Art, nature and everyday life

Contemporary artists, with their parks/gardens, pose the problem of a possible use of art in daily life and a new relationship with nature, creating, with a programmatic approach, physical places of creation. They are specific artistic practices, events in progress, ephemeral or perishable interventions in open, natural spaces. Overall, they are presented as the projection of the artist’s ideas, training, tastes, cultural choises, affections, in short, of his own imagination.

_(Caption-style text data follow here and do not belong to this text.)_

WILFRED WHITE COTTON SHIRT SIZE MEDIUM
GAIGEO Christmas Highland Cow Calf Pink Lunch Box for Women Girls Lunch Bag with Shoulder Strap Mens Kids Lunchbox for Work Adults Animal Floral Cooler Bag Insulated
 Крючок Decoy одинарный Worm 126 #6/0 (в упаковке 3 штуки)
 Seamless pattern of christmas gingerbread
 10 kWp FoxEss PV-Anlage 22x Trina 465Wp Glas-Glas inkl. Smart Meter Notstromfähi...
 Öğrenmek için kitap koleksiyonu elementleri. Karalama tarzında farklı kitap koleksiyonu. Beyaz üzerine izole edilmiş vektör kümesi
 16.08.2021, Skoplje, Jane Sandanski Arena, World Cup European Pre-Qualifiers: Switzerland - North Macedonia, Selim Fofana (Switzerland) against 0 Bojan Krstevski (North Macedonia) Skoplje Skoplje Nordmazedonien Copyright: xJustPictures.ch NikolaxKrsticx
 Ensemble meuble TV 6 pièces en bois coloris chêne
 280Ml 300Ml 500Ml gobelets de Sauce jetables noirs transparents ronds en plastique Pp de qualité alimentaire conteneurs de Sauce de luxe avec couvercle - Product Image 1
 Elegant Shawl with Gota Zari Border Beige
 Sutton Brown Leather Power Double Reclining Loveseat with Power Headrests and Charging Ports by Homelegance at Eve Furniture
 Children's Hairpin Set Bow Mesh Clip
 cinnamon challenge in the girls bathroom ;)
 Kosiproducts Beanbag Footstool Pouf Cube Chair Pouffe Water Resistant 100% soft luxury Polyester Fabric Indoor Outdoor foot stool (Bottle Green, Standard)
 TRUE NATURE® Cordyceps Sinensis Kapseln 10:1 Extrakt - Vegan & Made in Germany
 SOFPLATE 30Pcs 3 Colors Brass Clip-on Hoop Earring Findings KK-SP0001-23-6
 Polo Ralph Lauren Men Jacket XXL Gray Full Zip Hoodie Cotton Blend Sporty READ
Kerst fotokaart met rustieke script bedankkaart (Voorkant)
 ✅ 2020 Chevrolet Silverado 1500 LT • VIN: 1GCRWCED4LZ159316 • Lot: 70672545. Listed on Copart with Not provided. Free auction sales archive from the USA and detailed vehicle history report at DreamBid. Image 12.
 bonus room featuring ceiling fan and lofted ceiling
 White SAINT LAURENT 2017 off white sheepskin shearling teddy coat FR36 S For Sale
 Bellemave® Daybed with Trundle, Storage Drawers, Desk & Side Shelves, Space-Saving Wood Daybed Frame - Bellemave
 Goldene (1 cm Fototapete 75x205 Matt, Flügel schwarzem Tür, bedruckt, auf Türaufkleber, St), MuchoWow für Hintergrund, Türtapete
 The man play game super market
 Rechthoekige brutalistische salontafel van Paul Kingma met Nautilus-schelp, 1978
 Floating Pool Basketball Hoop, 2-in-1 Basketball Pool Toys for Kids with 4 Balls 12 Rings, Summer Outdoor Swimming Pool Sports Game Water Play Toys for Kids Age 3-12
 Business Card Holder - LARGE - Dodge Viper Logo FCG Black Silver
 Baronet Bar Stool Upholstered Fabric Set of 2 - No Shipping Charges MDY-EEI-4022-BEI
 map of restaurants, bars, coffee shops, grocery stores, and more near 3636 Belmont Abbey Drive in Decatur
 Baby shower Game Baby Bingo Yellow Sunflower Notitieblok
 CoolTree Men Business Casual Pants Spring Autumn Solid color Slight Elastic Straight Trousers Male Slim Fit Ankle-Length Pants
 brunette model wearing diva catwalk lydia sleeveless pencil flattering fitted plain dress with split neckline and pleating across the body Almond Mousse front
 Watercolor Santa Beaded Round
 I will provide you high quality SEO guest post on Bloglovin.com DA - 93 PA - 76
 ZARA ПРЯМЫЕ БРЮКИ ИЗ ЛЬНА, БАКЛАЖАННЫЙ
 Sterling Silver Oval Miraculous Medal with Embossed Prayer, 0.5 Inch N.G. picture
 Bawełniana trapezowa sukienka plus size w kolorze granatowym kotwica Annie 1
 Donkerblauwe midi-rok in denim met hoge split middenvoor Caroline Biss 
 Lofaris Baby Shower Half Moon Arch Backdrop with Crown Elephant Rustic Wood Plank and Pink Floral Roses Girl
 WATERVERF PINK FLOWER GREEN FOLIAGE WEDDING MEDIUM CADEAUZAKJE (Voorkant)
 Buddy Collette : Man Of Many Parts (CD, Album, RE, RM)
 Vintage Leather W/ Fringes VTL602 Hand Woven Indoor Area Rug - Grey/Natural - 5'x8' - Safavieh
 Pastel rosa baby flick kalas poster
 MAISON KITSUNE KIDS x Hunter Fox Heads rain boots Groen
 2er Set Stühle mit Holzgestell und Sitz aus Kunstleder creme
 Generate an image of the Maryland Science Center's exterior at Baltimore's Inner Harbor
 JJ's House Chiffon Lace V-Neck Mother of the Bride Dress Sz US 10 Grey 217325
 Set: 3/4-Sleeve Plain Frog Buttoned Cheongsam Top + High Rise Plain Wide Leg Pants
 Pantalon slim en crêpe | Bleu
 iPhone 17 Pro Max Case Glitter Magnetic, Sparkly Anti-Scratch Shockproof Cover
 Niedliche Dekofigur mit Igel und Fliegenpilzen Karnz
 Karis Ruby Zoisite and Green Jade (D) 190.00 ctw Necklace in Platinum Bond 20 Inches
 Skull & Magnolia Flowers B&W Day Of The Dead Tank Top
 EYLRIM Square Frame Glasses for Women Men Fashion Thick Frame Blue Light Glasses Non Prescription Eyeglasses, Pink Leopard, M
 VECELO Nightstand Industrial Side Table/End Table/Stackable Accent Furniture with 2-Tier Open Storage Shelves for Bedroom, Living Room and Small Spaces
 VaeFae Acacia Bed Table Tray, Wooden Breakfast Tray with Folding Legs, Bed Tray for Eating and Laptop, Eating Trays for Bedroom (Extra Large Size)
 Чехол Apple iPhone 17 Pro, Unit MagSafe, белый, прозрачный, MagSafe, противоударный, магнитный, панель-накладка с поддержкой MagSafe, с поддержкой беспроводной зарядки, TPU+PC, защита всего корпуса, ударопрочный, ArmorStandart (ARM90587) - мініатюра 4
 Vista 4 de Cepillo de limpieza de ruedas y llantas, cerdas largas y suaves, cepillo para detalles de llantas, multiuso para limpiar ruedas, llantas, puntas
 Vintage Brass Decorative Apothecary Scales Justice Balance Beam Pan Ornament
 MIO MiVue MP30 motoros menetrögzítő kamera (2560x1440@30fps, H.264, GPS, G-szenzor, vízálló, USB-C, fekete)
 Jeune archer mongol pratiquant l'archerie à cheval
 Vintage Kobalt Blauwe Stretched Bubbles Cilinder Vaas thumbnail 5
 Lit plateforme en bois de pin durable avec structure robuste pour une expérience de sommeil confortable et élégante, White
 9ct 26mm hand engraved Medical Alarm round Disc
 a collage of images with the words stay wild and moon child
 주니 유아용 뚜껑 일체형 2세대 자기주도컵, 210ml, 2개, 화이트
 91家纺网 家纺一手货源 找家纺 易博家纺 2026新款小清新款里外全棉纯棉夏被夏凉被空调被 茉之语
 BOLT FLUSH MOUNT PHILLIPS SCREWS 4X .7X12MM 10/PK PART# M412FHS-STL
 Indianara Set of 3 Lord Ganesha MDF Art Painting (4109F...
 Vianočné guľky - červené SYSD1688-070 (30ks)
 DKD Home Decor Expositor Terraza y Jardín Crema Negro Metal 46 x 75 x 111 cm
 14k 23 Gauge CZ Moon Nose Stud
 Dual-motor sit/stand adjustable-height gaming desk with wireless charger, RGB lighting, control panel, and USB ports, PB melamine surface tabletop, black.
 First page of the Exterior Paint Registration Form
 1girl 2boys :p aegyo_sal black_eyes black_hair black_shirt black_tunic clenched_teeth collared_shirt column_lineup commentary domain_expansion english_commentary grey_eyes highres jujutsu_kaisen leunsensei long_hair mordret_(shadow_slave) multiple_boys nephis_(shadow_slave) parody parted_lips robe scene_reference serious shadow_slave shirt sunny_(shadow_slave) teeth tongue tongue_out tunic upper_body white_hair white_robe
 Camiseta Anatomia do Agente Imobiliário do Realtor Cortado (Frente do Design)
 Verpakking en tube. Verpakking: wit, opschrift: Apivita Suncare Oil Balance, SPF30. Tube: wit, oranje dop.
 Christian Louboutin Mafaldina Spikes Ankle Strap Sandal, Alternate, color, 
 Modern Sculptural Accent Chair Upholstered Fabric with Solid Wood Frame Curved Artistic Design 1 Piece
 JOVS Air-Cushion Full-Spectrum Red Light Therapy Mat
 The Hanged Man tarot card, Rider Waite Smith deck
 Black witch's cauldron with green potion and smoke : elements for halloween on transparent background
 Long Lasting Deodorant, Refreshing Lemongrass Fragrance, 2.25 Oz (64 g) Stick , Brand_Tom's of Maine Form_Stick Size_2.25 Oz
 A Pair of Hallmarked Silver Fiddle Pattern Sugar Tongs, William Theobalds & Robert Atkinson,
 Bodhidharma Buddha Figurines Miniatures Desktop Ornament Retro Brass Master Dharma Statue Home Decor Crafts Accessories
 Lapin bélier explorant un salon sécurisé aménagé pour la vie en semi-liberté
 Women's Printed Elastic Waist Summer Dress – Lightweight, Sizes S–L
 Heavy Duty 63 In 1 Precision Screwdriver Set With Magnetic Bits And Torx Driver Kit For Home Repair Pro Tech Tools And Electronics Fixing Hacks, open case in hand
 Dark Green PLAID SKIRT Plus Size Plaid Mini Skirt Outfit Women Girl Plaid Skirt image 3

Central Italy as the place of election of the artist’s garden

There are many and different artists’ gardens in this area: starting with the festive and dreamlike Tarot Garden by Niki de Saint Phalle (Capalbio), sparkling with lights and colors like Gaudì’s Park Güell and as extravagant as the visionary Palais Idéal by Facteur Cheval in Hauterives (much loved by surrealists). It is structured as it is along a magical-fantastic path through enormous sculptures covered with shining ceramics that are accompanied by playful and rusty kinetic machines by Jean Tinguely.

The garden of his restless nouveau réaliste road companion Daniel Spoerri (in Seggiano, near Mount Amiata) is similar, with the mysterious name Hic terminus haeret (“Here borders adhere”). A sort of poetry album Spoerri’s garden is set on a labyrinthine path between his installation and those of his artist friends (from Arman to Eva Aeppli, Mauro Staccioli, etc.) in an insistent sensory disorientation full of surprises.

Daniel Spoerri, Hic terminus haeret Garden (Seggiano, GR)
Daniel Spoerri, Hic terminus haeret Garden (Seggiano, GR)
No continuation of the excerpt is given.